ALEX BRUMMER: Sanctions alone won’t fell Putin

Sanctions won’t fell Putin: The war in Ukraine shows no real sign of abating in spite of setbacks for Russian forces, says ALEX BRUMMER

A notice from HM Treasury extols the role of the Government in punishing Russia for its brutal war on Ukraine.

As part of the global sanctions regime, Britain has frozen a record £18billion of assets either controlled directly by Moscow or by supporters of Vladimir Putin.

Britain has, down the years, sanctioned all manner of regimes, from Iran to North Korea. Together, the total assets frozen are far less than those represented by Russia.

Sanctions: As part of the global sanctions regime Britain has frozen a record £18bn of assets either controlled directly by Moscow or supporters of Vladimir Putin

Part of the reason for the big number is down to the Russian oligarchs, who before the 2014 occupation of Crimea chose to make their base in what became known as the London laundromat.

Roman Abramovich, the former owner of Chelsea FC, was the most visible of London exiles. But he was the tip of an iceberg.

At least two billionaires, with extensive interests in Britain and well-established philanthropists, have been in contact with me in recent months pointing out the perceived injustices of the UK regime.

They argue that the Government refuses to acknowledge that they have never been ‘friends’ of Putin and their business networks were built outside of Russia.

As impressive as the sanctions regime may be, there are questions to ask as to how effective it has been in isolating Putin and bringing an end to a war, which has now raged for nearly nine months. It shows no real sign of abating in spite of setbacks for Russian forces.

Intelligences sources close to UK and Nato argue that even if splits develop between Putin and his generals over the conduct of the campaign, the West greatly underestimates the patriotism to ‘mother Russia’ and Putin’s willingness to slog it out for as many months or winters as necessary to secure territorial and strategic gains.

Economic and financial sanctions are nothing new.

In ancient Athens, Pericles blockaded allies of Sparta in the hope of bringing the dissident lands to heel. Instead of aborting a conflict, it sparked the Peloponnesian War. Former US president Woodrow Wilson described sanctions as a tactic more ‘tremendous’ than physical conflict.

They failed to prevent the outbreak of the First World War on his watch.

The only modern example of sanctions bringing down a regime was in apartheid South Africa where a largely racist and prosperous minority was cut off from international banking and found its position was no longer tenable.

Personally, I always thought it a stretch to think that a UK ban on selling programmes at Stamford Bridge and refusing first class travel to professional footballers was going to bring Putin down.

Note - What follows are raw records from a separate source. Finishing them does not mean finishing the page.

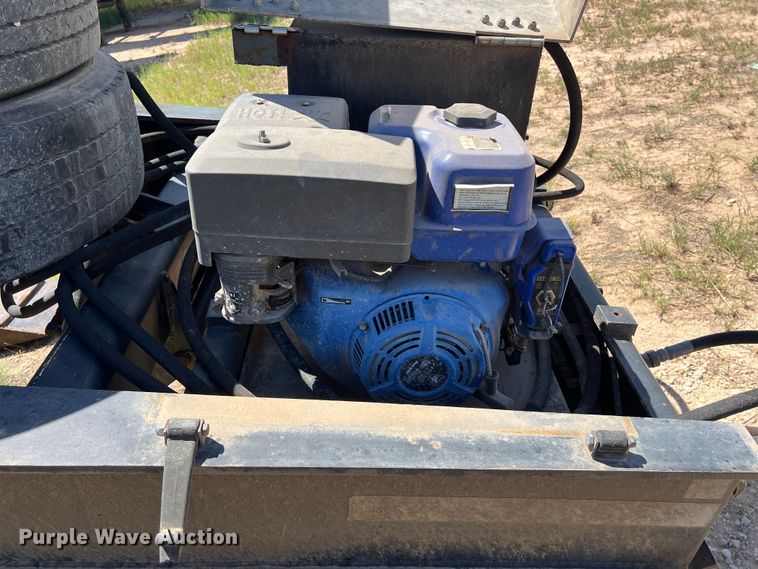 image for item LU9870 1994 Etnyre RTB40TD3-T1 lowboy equipment trailer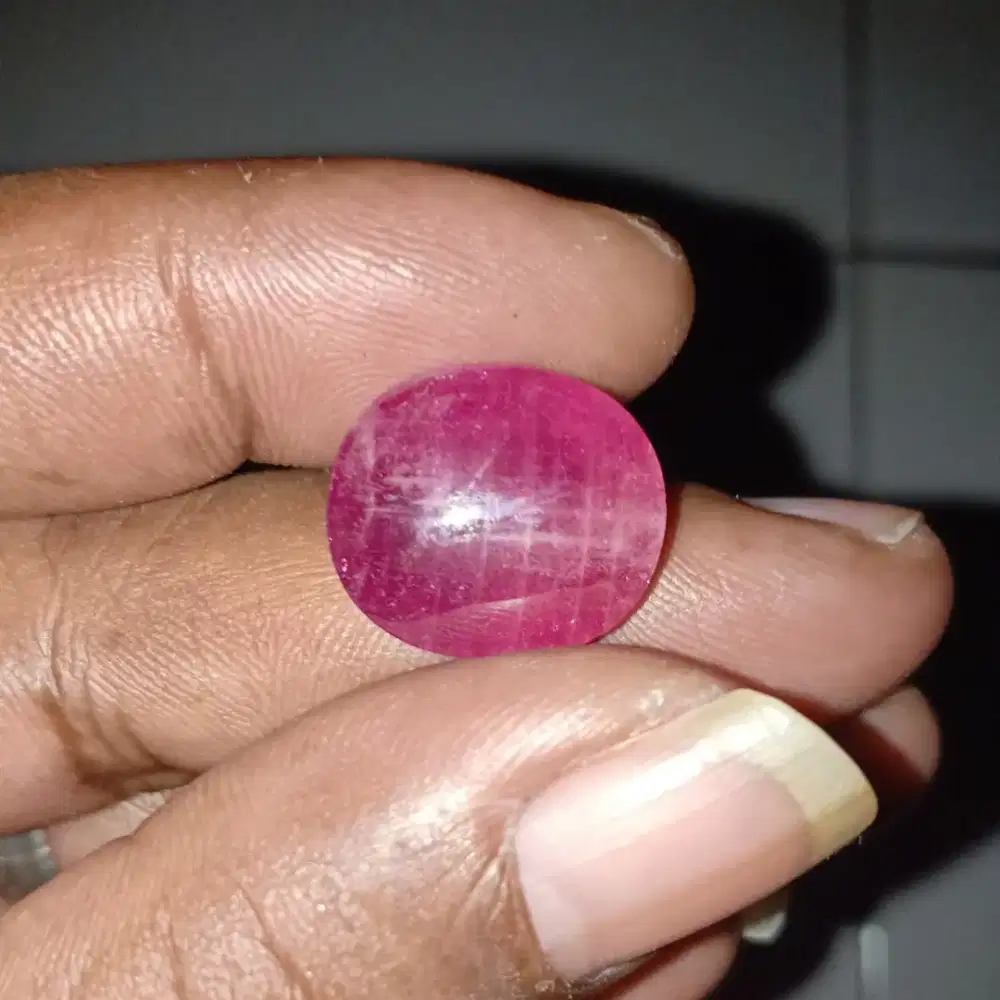 Natural merah ruby
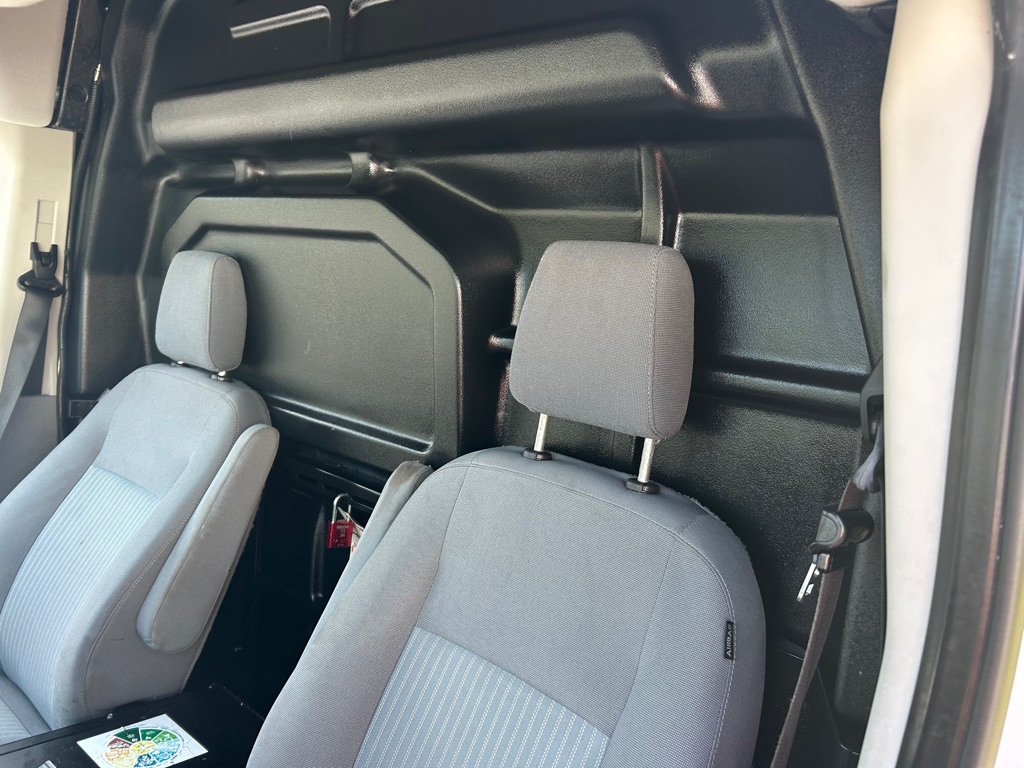 Photo 20 of this FORD TRANSIT 250
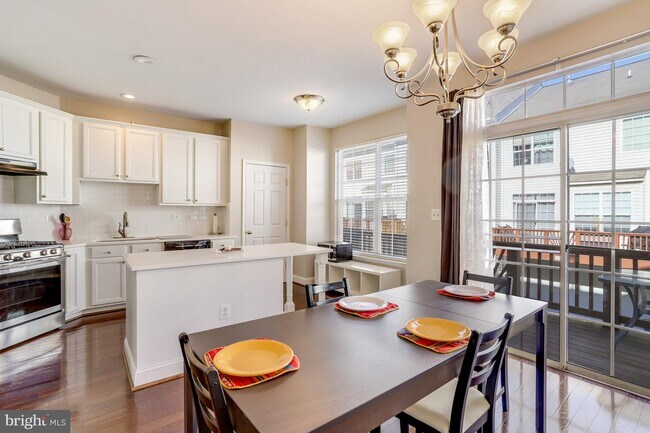 Building Photo - 2342 Huntington Station Ct
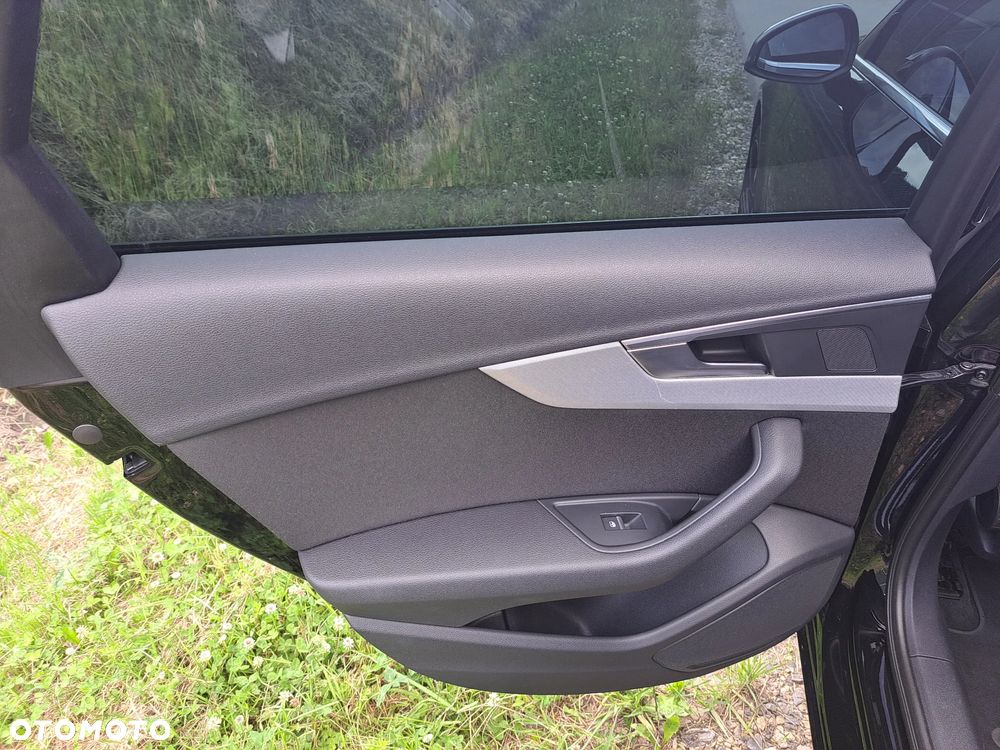 Audi A4 Limousine 1.4 TFSI Sport S tronic - 12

In its press notice, the Treasury describes in detail the harms done to Russia’s economy by the sanctions regime.

It says that the UK is ‘degrading Russia’s military machine’.

It points to a projected 6.2 per cent reduction of national output in 2022 (compared with forecasts), that a 2.3 per cent decline is projected in 2023 and 60 per cent of Russia’s reserves have been immobilised.

But there is another side to this. The assault on Ukraine did not happen by accident. Putin had been preparing, and built a war chest of gold and overseas currencies of an estimated £600billion.

A proportion is stored in Moscow and not – as has often been the case with past sanctioned regimes such as Libya and Iran – in vaults at the Bank of England.

The Kremlin has been confident enough of replenishing its financial resources to have cut off gas supplies to Europe with the sabotage of the Nord Stream 1 pipeline.

It was able to do this because of a ready market for its oil in two of the world’s biggest fossil fuel burners, China and India.

Western confidence that cutting Russia off from the Swift bank transfer system would starve it of hard currency proved wrong.

Fintech and non-bank intermediaries have allowed Russia to circumvent traditional ways of moving cash.

It also has benefited from Saudi Arabia’s efforts to shore oil prices.

None of this means it has not been morally right for Putin to be financially isolated and for Russian companies to be suspended (if not permanently exiled) from the London Stock Exchange.

Ordinary Russian citizens and businesses are hurting. However, there is little evidence that any of this will stop Putin acquiring weapons, such as drones from Iran, and continuing to denude Ukraine’s infrastructure.